Hafta sonu Kadıköy'de bir kitapçıya girdim. Rafların, ortaya dizilmiş kitapların arasında ne aradığını çok iyi bilen biri edasıyla dolaşmaya başladım! Bazı kitapları alıp inceledim. Hafiftiler! Kapak tasarımları ya da başlıkları değildi ilgilendiğim. Bazılarının yazıları çok büyüktü, seyrektiler! Yazarları ya da konusuyla da pek ilgilenmiyordum ama yine de yazarlar konusunda bir ön hazırlığım olmadığı söylenemezdi. Bazı yazarların çok "mantıklı" bazılarının çok "içten" yazdığını biliyordum. Bazı yazarlar içinden geldiği gibiydi! Dersime çalışmıştım! Ama bu da değildi aradığımı bulmama yardımcı olacak şey. Aklımdaki bir şeyi arıyordum! Aradığım kitap biraz ağır ve dolu olsun istiyordum.
Yanıma yaklaşan ve yardımcı olmaya çalışan, muhtemelen kendisinin de okumadığı ama çok rağbet gören bazı kitaplara doğru yönlendirmeye çalışan tezgahtarları zekice sayılamayacak şekilde savuşturuyordum. Sanırım bu eylemim "kitap çalmaya" gelen biri izlenimi yaratıyordu ki kasadaki ve ortalıkta dolaşan patron tipli kişilerin gözü sürekli benim üzerimdeydi. İçimden "Okumak için kitap çalacak biri neden engellenir ki!" diye geçti desem başka bir yalan olurdu. Şu an farklı bir yalandayım.
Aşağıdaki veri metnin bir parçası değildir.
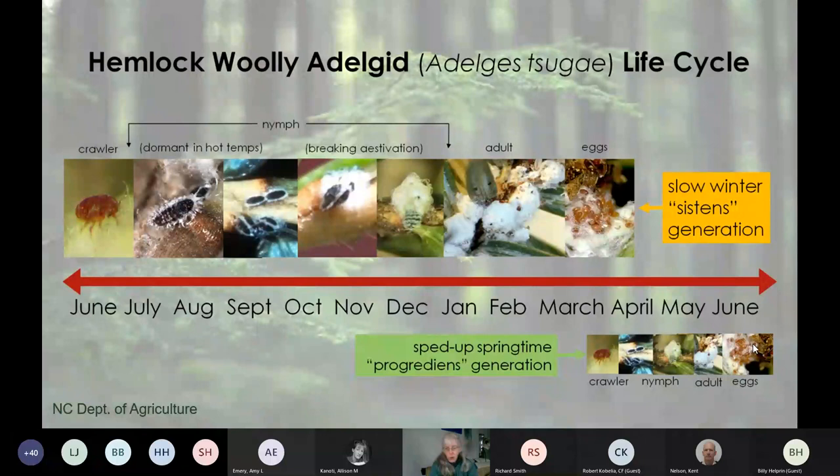Now, bird feeders—this could be controversial. We do know that birds pick up crawlers easily on their feathers and wings and can move hemlock woolly adelgid around. If I get a call from somebody who thinks they have hemlock woolly adelgid in their yard and I see a bird feeder, I go to the hemlock closest to that bird feeder—and that's usually where it is. Consider removing your bird feeders during that high-risk period from March to July. At the very least, move your bird feeder as far away from hemlock trees as possible, because birds tend to flip back and forth between a feeder and the nearest tree, and you don't want that nearest tree to be a hemlock.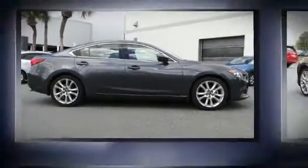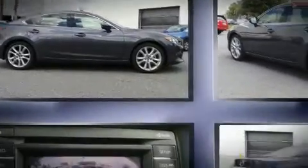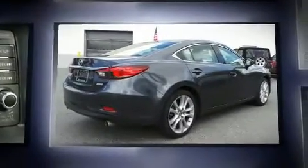Here's a great deal on a 2014 Mazda Mazda 6. This four-door, five-passenger sedan still has less than 25,000 miles.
En sonunda bilgisayar kayıtlarından yararlanarak bana fikir verebileceğini düşünerek en yakınımdaki kişiden yardım istedim. Kısaca anlattım ne istediğimi; "Şöyle kalınca, hani tuğla gibi derler ya işte öyle ağır, mümkün olduğunca yazıları küçük, içi dolu, bir kitap arıyorum! Dipnotları da bol olsun tabi. Ayrıca yazarı da falanca veya filanca olabilir." Tezgahtar önce anlam veremeyen gözlerle bana baktı. Sanırım içinden "Onca dolaştıktan sonra neden beni seçti ki bu şimdi!" diye geçiyordu. Bir de bilgisayarda benim söylediğim özelliklerle nasıl bir arama yapabileceğini çözümlemeye çalışıyor gibiydi. "Falanca kim, filanca diye bir yazar mı var Allah aşkına..." Gözlerinden daha da önemlisi tuttuğu nefesini bırakışından anladım. Sanırım girişteki kasanın yanında duran tezgahtar kız da aynı sesi duymuş olacak ki dikkatini bize çevirdi. Karşımda duran tezgahtar benim için uzunca onun için ömür gibi geçen süreye rağmen aynı tondaki sessizliğiyle bana bakıyordu. Geveleyecek bir şeyler bile bulamamıştı. Acaba mesai saatleri çok mu uzundu?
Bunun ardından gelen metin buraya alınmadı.